Official tables revealed the five poorest-performing police forces in England and Wales.
Her Majesty's Inspectorate of Constabulary named the two police forces criticised in the wake of the Soham murders - Humberside and Cambridgeshire - among the worst, along with Cleveland, Nottinghamshire and West Yorkshire.
"In comparison with their peers they still have a long way to go," said chief inspector Sir Keith Povey.
But West Yorkshire Chief Constable Colin Cramphorn hit back, saying the figures were out of date.
He said policing performance in West Yorkshire was the most improved in the country, with the force out-performing other areas with accelerating improvements in key areas of crime.
Mr Cramphorn said today's report was out of date, providing only a `rear-view mirror' look at performance across the Force.
The inspection report covered performance against a wide range of activity, he added, but did not reflect recent improvements made in the key policing areas of burglary, car crime and robbery.
In the 16 areas inspected the force was graded `Excellent' or `Good' in five, 'Fair' in nine and `Poor' in two areas - volume crime and road policing.
Nationally inspectors examined 23 different activities in each force, and for the first time have awarded a ranking of either excellent, good, fair or poor in 16 areas, including traffic policing, volume crime such as burglary and robbery and reassuring the public.
Humberside and Cleveland had the highest number of poor ratings, with six each.
Lincolnshire and North Yorkshire were also singled out for their below-average performance.
The best forces in England and Wales were named as Kent, Lancashire, Northumbria, Staffordshire and Suffolk, with Merseyside and West Midlands also commended.
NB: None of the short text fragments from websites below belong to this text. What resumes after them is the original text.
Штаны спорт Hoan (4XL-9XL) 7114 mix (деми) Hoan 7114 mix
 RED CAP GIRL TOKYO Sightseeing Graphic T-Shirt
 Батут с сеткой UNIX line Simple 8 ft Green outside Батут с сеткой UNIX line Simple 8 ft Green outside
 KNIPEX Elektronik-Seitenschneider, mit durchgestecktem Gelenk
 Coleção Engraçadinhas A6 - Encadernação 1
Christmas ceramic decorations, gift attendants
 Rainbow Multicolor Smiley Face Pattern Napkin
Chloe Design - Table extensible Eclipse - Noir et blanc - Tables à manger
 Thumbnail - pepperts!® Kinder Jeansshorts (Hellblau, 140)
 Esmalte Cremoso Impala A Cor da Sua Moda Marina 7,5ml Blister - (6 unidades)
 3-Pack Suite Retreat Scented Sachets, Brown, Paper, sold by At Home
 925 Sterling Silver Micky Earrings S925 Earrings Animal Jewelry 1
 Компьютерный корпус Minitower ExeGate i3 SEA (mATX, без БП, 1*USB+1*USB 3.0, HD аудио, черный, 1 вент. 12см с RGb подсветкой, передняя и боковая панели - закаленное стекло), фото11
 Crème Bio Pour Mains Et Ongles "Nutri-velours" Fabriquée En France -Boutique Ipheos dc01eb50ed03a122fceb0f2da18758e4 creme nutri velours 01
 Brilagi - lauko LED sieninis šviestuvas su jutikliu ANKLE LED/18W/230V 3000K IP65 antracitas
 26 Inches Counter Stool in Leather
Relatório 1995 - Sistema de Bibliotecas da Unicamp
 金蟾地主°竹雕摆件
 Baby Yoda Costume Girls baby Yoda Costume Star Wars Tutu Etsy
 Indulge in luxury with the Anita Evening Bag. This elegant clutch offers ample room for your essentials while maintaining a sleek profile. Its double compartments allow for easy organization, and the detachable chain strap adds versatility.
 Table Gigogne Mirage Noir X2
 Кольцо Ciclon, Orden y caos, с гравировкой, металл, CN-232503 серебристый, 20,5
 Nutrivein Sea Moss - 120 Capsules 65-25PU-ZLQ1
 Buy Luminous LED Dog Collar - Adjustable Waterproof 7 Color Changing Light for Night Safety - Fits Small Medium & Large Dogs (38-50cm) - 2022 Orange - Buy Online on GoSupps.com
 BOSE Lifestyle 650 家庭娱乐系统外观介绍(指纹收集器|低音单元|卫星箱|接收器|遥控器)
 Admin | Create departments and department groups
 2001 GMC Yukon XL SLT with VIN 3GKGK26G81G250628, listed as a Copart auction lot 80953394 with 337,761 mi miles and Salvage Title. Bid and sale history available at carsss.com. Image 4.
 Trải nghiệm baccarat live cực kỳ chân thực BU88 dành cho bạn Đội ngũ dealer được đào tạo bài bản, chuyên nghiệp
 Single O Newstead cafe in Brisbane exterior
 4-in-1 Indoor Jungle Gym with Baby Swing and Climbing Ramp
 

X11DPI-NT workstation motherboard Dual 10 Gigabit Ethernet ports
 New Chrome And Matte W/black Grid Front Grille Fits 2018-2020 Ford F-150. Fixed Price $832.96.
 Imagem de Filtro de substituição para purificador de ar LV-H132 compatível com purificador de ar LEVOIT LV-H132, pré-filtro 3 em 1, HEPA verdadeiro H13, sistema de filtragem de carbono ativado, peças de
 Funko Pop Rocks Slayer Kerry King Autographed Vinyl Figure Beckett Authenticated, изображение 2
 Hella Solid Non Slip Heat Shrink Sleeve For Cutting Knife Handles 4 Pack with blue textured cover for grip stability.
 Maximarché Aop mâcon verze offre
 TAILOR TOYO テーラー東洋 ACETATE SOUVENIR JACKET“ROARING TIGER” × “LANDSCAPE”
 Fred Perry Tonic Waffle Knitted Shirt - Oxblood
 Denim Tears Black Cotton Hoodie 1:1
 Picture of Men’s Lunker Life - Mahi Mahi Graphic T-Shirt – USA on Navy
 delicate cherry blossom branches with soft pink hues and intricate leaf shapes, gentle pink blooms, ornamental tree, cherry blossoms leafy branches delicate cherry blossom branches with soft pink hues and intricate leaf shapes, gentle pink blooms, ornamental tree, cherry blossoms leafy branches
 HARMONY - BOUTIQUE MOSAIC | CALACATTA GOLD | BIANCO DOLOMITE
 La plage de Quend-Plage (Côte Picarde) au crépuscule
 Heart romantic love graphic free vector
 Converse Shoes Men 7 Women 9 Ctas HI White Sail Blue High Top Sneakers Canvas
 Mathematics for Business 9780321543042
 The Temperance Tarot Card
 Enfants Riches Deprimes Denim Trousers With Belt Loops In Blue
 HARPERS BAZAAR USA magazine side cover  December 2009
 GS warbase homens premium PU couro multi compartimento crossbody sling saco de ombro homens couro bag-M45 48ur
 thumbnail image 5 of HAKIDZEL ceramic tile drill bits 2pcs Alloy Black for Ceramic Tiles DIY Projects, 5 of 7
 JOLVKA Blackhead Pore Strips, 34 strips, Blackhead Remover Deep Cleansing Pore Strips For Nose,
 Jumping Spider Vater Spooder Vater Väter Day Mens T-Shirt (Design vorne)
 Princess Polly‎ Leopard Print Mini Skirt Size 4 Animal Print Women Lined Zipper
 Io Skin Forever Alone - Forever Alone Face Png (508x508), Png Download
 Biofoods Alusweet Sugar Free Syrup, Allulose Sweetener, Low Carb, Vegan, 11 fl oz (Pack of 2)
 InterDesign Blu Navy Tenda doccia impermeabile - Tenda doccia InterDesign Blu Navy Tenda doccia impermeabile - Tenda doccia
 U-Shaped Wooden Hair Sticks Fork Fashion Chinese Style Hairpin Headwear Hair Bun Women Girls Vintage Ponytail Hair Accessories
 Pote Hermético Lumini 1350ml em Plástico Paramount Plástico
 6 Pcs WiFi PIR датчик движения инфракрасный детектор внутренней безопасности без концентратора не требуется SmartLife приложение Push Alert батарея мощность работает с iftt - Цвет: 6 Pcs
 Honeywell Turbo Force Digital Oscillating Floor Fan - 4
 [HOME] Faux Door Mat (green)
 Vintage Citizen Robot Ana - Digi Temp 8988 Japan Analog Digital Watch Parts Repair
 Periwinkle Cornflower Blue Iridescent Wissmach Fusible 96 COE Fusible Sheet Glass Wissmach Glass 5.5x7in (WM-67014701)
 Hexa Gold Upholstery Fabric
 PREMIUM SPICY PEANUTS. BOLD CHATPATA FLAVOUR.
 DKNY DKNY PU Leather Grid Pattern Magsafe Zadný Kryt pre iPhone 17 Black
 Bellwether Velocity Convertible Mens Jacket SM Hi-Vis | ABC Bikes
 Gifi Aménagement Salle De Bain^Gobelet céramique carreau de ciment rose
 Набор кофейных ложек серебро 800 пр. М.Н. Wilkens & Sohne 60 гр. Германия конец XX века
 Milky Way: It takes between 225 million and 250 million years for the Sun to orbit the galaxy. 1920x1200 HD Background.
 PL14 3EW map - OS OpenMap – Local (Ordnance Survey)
Call handling was identified as one of the major concerns across England and Wales, along with forces' ability to tackle cross-border and region-wide crime such as drug dealing.
On call handling, Sir Keith said: "A number of forces are struggling in dealing with that aspect of activity, both 999 calls and non-urgent calls.
"That is such a big issue, as the majority of people contact the police via the telephone and there's certainly some work to be done there.
"The response on 999 calls tends to be better.
"My gut feeling is that the frustration of not being able to get through on ordinary police phone numbers leads to a rise in 999 calls."
POLICE Federation chairman Jan Berry called for better training for call staff after the report.
She said: "The public should be able to contact their local police about non-urgent matters without spending all day waiting for their phone call to be answered.
"Chief Officers need ensure that there is proper investment in professional and efficient call handling staff who are suitably trained and resourced."